What you should do — Print the lines of the entries below from the one with "Sapanca Gölü\'nde Su Seviyesi Düşüyor" through the final line, exactly as they appear. The pictures are not part of the copy.

Raw data —
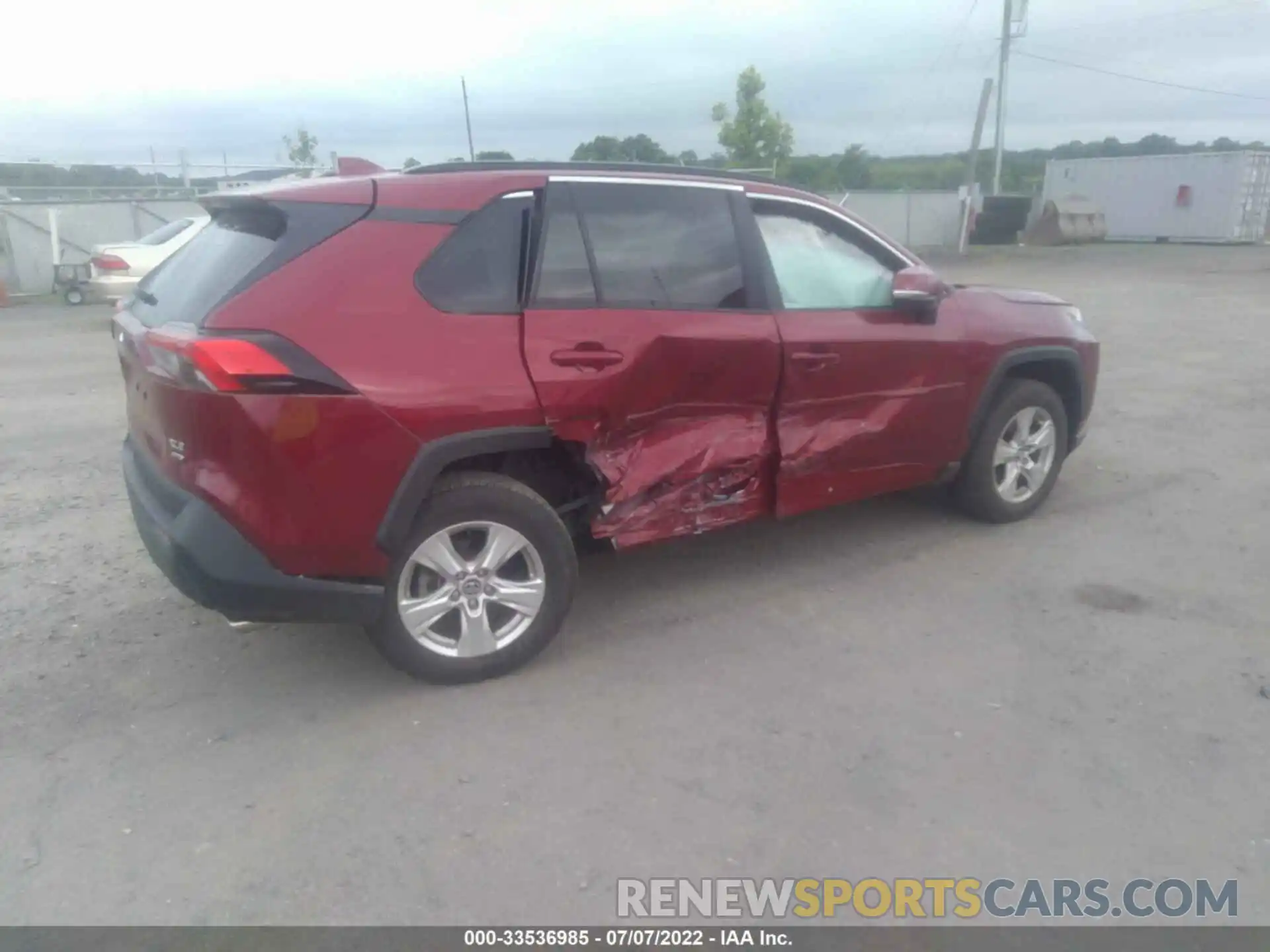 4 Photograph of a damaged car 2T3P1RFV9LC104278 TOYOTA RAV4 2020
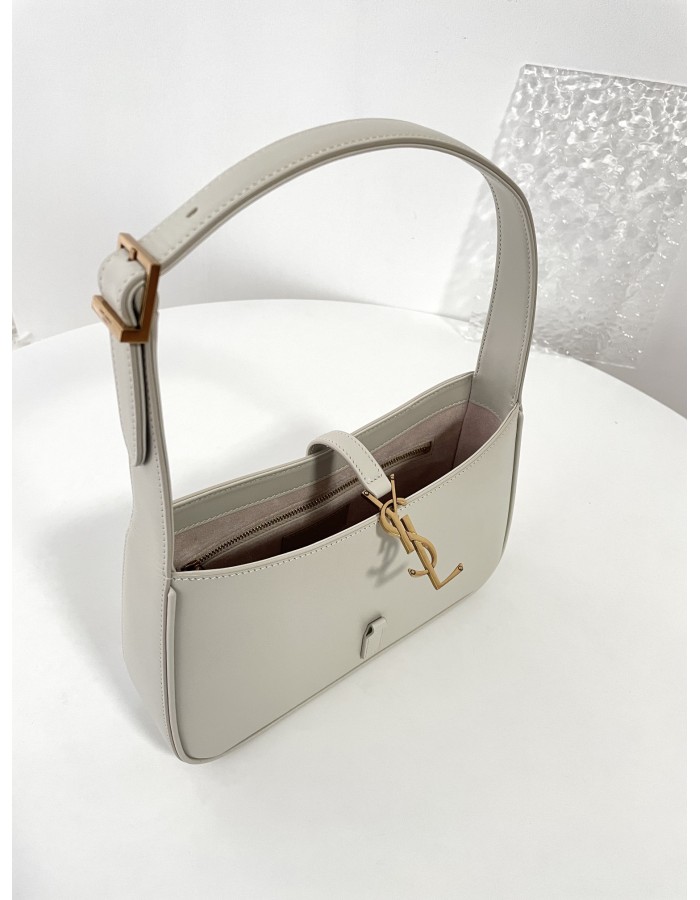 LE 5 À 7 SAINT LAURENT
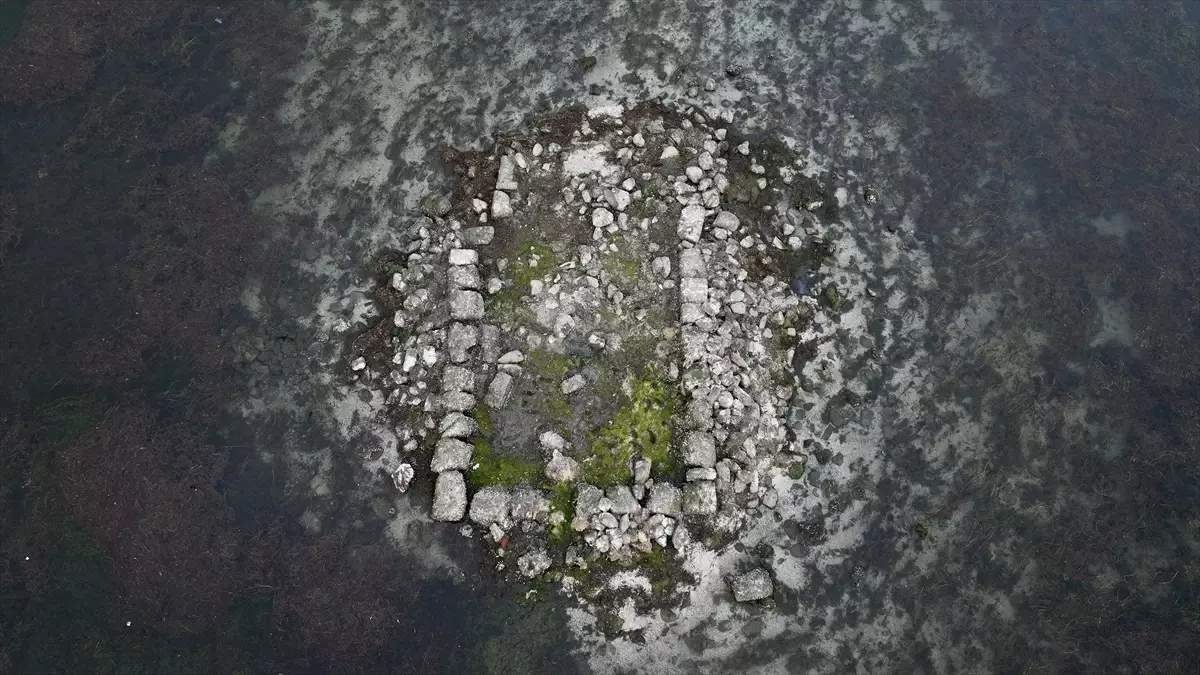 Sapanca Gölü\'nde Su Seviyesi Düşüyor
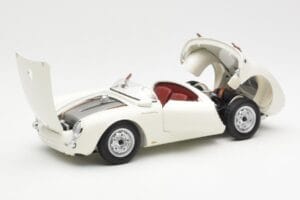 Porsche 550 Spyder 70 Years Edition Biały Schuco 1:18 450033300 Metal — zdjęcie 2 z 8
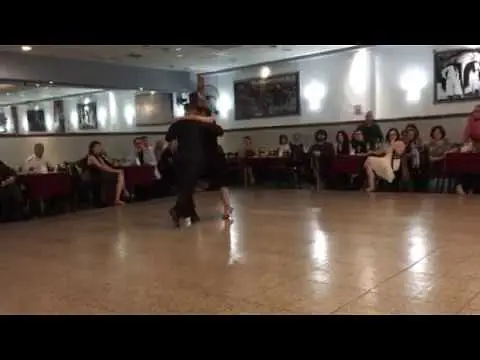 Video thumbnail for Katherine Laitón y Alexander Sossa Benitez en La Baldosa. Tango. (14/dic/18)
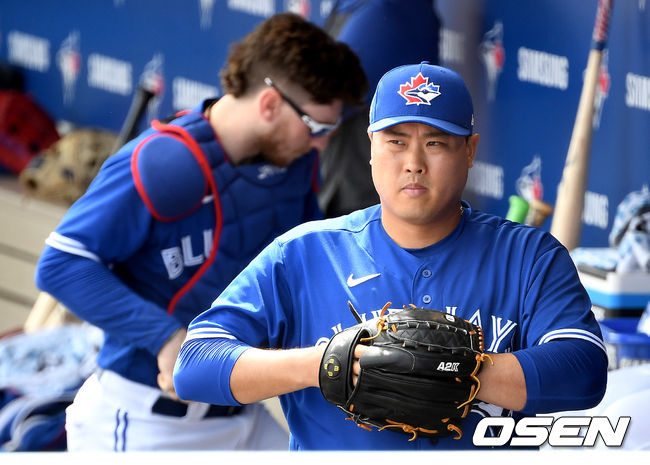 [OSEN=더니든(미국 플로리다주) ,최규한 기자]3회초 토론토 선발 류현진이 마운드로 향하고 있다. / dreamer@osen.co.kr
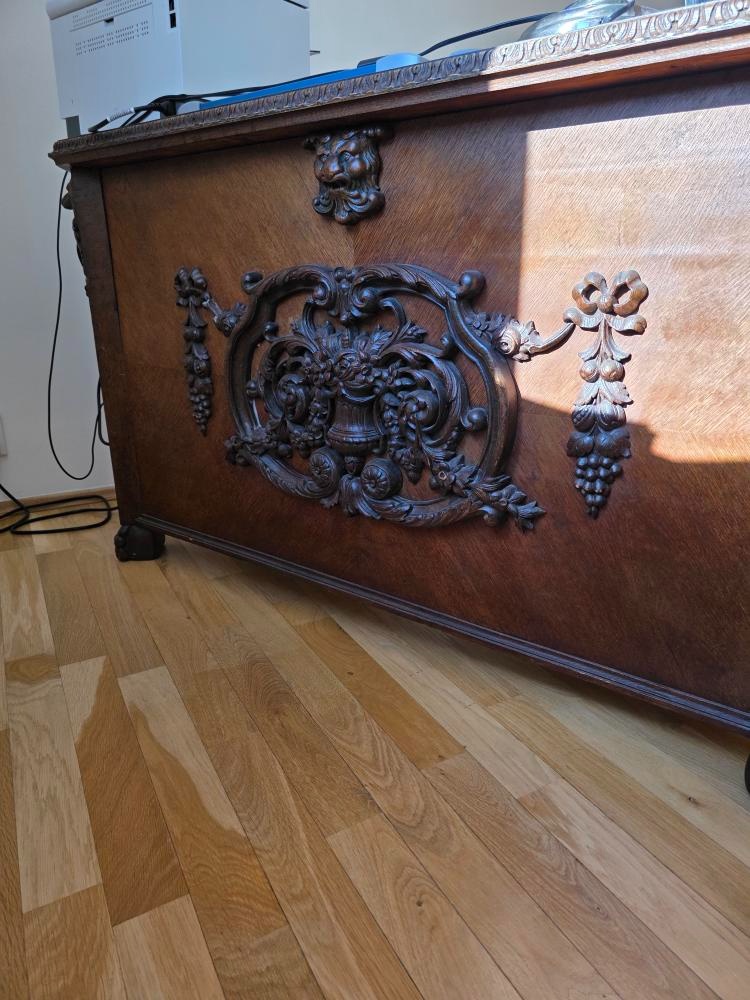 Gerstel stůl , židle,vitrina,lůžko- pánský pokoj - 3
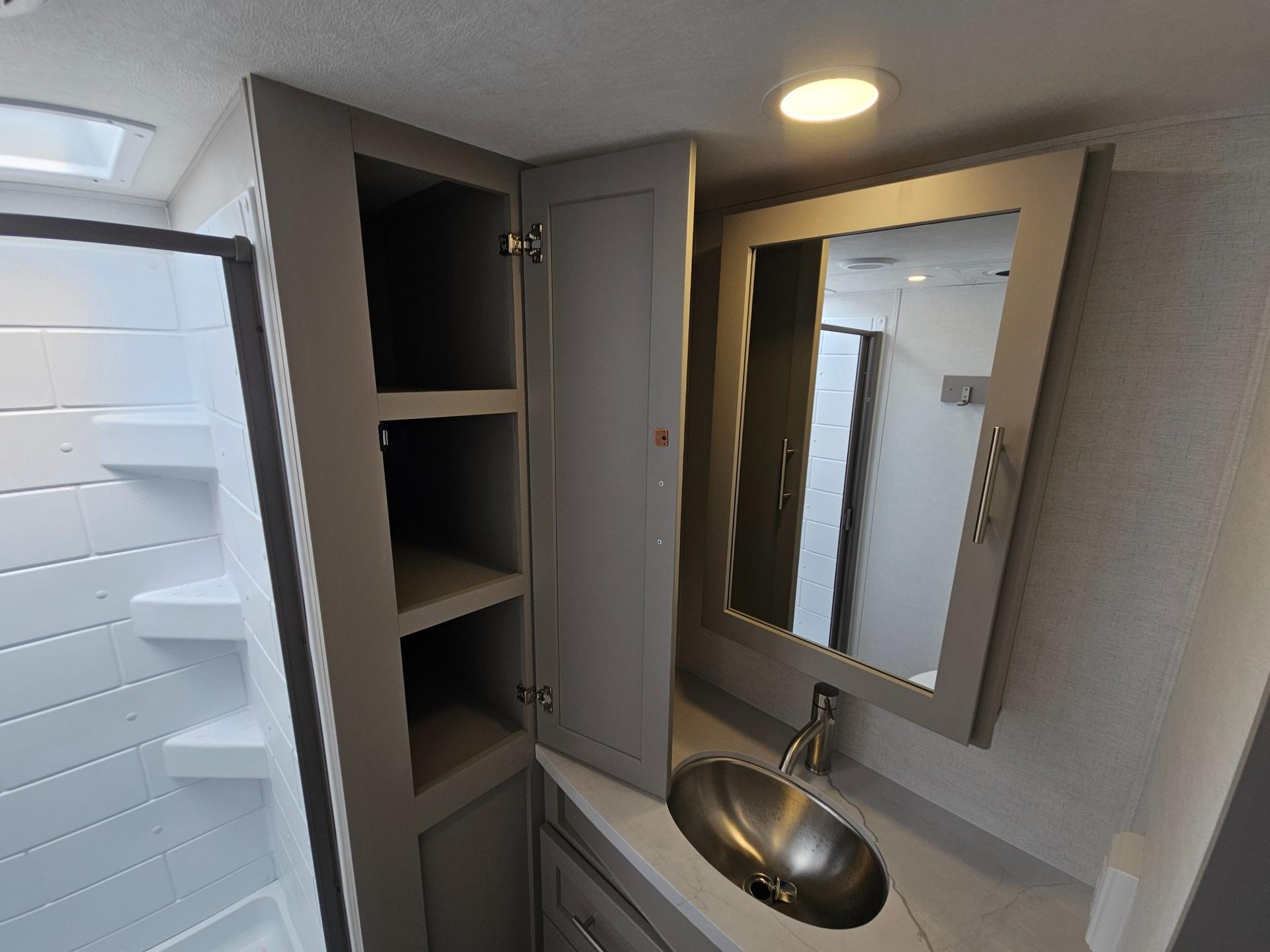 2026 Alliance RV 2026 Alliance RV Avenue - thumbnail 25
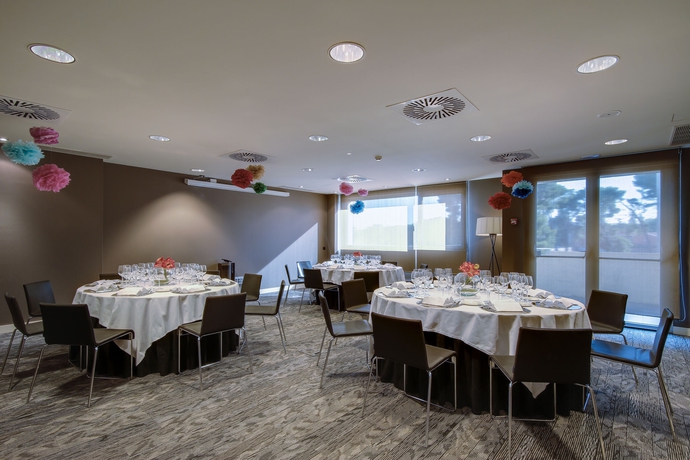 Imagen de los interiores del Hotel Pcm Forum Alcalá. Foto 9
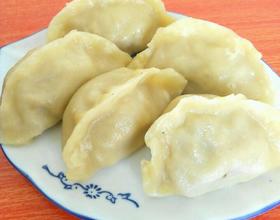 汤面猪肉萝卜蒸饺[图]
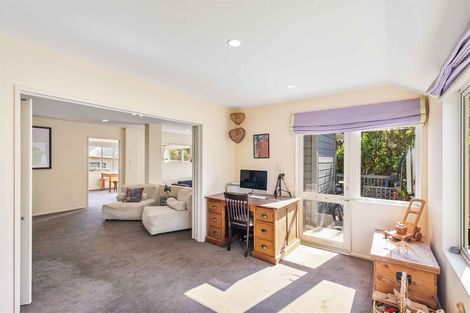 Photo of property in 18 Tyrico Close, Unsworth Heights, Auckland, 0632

Your response —
 Sapanca Gölü\'nde Su Seviyesi Düşüyor
 Porsche 550 Spyder 70 Years Edition Biały Schuco 1:18 450033300 Metal — zdjęcie 2 z 8
 Video thumbnail for Katherine Laitón y Alexander Sossa Benitez en La Baldosa. Tango. (14/dic/18)
 [OSEN=더니든(미국 플로리다주) ,최규한 기자]3회초 토론토 선발 류현진이 마운드로 향하고 있다. / dreamer@osen.co.kr
 Gerstel stůl , židle,vitrina,lůžko- pánský pokoj - 3
 2026 Alliance RV 2026 Alliance RV Avenue - thumbnail 25
 Imagen de los interiores del Hotel Pcm Forum Alcalá. Foto 9
 汤面猪肉萝卜蒸饺[图]
 Photo of property in 18 Tyrico Close, Unsworth Heights, Auckland, 0632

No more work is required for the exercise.